MNRI: Bridging the Gap
Tara enjoyed working with non-speaking and minimally verbal children who had clear daily challenges that were impacting their ability to mimic or even stay attended long enough to receive the information. Tara worked a little under a year implementing research-based techniques she had been taught in graduate school with little progress in her client’s overall wellbeing. Despite being able to verbalize more words, it came at the cost of high structure activities and a clearly uncomfortable nervous system as noticed by their wiggly bodies and frequent outbursts or aggressive behaviors. Tara soon realized that while compensations, tools, and behavioral modifications were a necessary part of behavior shaping and achieving goals, there had to be an easier way for these kids to learn — somehow without the sensory overload they were so clearly experiencing daily; constantly compensating by using their bodies in different ways (often perceived as inappropriate), such as kicking, biting or toe-walking.
Tara was introduced to an occupational therapist who was learning about a technique that takes behavior out of the situation and focuses on the body’s protective function for that behavior. When Tara learned that children were hitting as a clear way of setting boundaries, and that it was reflexive, these regulatory behaviors started to make more sense. “If these children are relying on reflexive patterns to compensate for their body’s deficits/weaknesses, then of course they are going to have a difficult time learning new information.”
She ended up taking 6 reflex integration courses (totaling over 75 hours) and worked in a clinic full time utilizing exclusively this technique for almost 2 years. Working closely with occupational and physical therapists on a daily basis, she began to understand the body and all the parts they don’t talk about in graduate school for speech-language pathology.

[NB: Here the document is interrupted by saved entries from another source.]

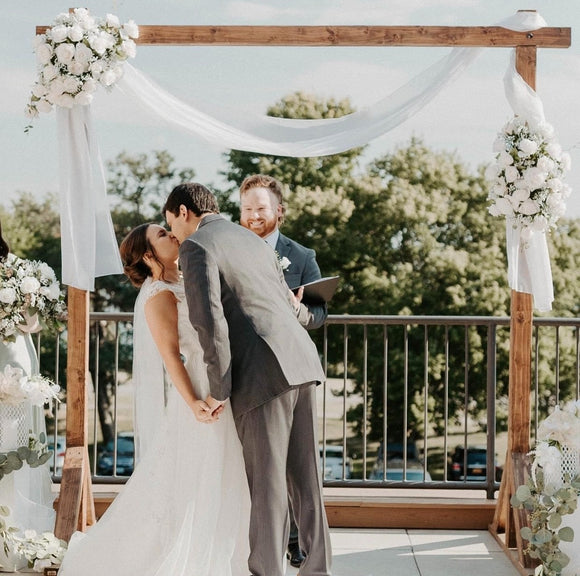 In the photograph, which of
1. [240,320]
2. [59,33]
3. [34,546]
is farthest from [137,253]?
[34,546]

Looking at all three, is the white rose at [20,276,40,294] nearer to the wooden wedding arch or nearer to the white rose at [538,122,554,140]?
the wooden wedding arch

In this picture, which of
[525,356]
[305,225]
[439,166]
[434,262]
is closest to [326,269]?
[305,225]

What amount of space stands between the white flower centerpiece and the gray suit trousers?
1044mm

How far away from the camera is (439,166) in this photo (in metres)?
26.1

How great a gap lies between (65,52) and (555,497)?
2905 millimetres

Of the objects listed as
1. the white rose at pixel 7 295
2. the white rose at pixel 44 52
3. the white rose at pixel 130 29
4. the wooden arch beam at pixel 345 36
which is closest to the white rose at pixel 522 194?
the wooden arch beam at pixel 345 36

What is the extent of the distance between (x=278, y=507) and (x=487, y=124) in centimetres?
3167

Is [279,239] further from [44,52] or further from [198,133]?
[44,52]

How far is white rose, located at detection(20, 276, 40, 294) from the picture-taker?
415 cm

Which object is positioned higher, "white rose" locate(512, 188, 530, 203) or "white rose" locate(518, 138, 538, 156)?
"white rose" locate(518, 138, 538, 156)

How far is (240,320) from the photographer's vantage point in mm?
3316

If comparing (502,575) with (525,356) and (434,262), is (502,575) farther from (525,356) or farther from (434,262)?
(434,262)

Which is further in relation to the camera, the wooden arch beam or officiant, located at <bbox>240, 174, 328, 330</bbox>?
the wooden arch beam

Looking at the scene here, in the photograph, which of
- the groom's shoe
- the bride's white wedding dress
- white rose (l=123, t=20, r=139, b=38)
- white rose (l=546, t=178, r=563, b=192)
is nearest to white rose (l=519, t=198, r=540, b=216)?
Result: white rose (l=546, t=178, r=563, b=192) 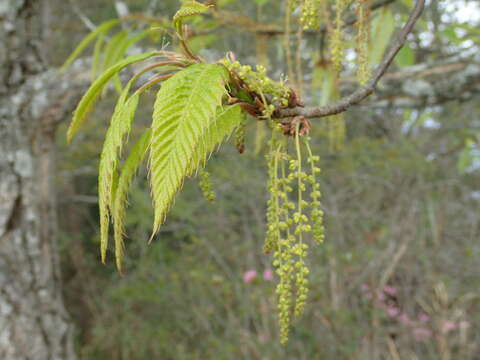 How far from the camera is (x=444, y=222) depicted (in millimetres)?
3518

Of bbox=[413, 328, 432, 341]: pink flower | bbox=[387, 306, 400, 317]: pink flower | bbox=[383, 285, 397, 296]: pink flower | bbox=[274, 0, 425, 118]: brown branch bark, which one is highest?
bbox=[274, 0, 425, 118]: brown branch bark

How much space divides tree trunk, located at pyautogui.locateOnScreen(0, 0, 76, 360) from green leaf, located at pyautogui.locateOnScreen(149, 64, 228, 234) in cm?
165

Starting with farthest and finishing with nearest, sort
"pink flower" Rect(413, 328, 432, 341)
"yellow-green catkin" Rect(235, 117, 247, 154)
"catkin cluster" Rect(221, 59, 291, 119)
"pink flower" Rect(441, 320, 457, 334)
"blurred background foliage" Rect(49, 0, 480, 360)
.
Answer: "blurred background foliage" Rect(49, 0, 480, 360)
"pink flower" Rect(413, 328, 432, 341)
"pink flower" Rect(441, 320, 457, 334)
"yellow-green catkin" Rect(235, 117, 247, 154)
"catkin cluster" Rect(221, 59, 291, 119)

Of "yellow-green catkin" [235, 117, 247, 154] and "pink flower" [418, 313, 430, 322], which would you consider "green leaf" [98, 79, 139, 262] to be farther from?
"pink flower" [418, 313, 430, 322]

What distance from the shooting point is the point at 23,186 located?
76.3 inches

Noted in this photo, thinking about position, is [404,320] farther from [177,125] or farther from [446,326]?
[177,125]

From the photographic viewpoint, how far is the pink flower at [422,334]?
113 inches

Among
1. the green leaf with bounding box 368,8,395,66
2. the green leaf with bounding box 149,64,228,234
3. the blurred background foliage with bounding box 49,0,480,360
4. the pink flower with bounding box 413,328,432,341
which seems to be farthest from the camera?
the blurred background foliage with bounding box 49,0,480,360

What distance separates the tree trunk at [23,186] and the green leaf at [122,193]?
1.55 metres

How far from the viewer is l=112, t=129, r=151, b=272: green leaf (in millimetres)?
478

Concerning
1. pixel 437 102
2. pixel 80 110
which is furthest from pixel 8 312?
pixel 437 102

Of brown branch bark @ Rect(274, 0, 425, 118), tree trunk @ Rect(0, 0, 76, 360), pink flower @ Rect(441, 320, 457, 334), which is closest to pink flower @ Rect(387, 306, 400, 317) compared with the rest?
pink flower @ Rect(441, 320, 457, 334)

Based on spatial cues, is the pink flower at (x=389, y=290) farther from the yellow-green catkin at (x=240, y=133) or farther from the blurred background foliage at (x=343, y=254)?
the yellow-green catkin at (x=240, y=133)

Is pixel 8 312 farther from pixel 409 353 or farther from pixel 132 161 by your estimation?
pixel 409 353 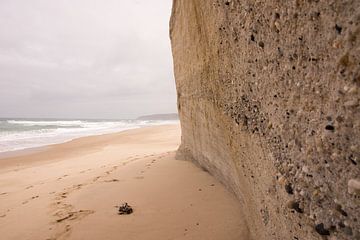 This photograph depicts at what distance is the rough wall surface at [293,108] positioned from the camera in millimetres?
1176

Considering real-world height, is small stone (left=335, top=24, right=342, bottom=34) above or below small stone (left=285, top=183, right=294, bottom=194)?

She saw children of all ages, as young as 6 months up through 21 years of age, working at the level of the nervous system to help regulate and allow their natural functions to become reflexive (as they are supposed to be) so they can learn.

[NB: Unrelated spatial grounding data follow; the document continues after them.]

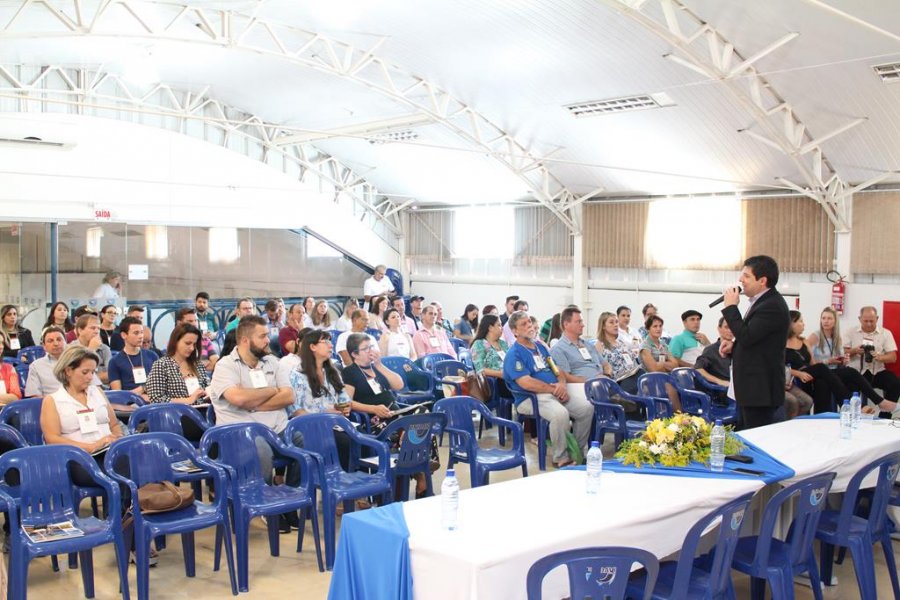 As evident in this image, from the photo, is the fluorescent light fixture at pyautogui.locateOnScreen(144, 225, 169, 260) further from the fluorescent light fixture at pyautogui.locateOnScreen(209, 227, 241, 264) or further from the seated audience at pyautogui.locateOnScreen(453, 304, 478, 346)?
the seated audience at pyautogui.locateOnScreen(453, 304, 478, 346)

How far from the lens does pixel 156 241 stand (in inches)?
579

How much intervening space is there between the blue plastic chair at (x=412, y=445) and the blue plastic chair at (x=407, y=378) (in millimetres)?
1936

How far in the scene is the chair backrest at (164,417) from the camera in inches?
213

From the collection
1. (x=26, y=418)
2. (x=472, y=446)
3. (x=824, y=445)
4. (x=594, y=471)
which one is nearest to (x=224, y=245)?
(x=26, y=418)

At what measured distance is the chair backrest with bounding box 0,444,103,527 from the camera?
4188 millimetres

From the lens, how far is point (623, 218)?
15469 mm

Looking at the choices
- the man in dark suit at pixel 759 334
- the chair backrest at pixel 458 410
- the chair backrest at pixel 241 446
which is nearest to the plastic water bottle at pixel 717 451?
the man in dark suit at pixel 759 334

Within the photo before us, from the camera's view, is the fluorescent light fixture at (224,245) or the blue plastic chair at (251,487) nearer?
the blue plastic chair at (251,487)

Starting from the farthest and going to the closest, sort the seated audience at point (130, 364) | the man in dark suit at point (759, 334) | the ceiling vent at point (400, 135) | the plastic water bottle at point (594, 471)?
the ceiling vent at point (400, 135), the seated audience at point (130, 364), the man in dark suit at point (759, 334), the plastic water bottle at point (594, 471)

She helped a 2 year old who had a diet of goldfish, strawberries and bread to be able to eat all types of proteins and vegetables within a few months. She calmed an autistic 16-year old’s nervous system down enough to significantly decrease his head-butting behaviors, loud high-pitched screeching and toe-walking behaviors by more than half, and she [often involuntarily] taught multiple children easy calming techniques and rhythms that are much more functional and communicative than biting or hitting.